これは本機だけの問題ではなく、同一機能を搭載した CASIO の他の機種(DS-20DB など)でも一緒です。
素直に[日数]キーと[時間]キーに分けた方が良いのではないでしょうか。

総評

利点

  1. 余り計算が簡単。
  2. この価格で日数計算と時間計算の両方を搭載しているのは珍しい。
  3. メモリーのクリアと呼出のキーが[MC][MR]の2つに分かれている。
  4. 比較的小型である。手帳サイズよりは大きいが、実務電卓(事務用電卓)よりは小型。

欠点

  1. 平方根がない。
  2. 符号反転キーがない。
  3. [1]キーの下に[00]キーがあったり、[0]キーの上に[AC]がある奇妙なキー配置。
  4. キーは特に押しやすくはない。
  5. 余り計算の結果を表示しているとき、次の計算で商を使うのか余りを使うのかをその場で選択できない。
  6. 日数計算と時間計算の操作方法が少しややこしい。

GT(Grand Total)がないことに関しては一概に欠点とは言えないので、欠点から除外しました。

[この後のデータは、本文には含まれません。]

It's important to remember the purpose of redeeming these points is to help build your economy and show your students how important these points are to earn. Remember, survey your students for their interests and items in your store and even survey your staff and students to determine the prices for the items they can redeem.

本機のパッケージ(画像集参照)にも書かれているように調剤と物流に特化した仕様になっているようです。
符号反転キーと平方根がないのはそのせいでしょうか。 この価格帯の一般電卓では珍しい日数計算と時間計算の両方を搭載しているのも調剤・物流業界の要望なのかもしれません。

その代わり、それ以外の用途で使用するには微妙な仕様になっています。 購入する際は上述の欠点が問題にならないのかを検討してから購入するべきでしょう。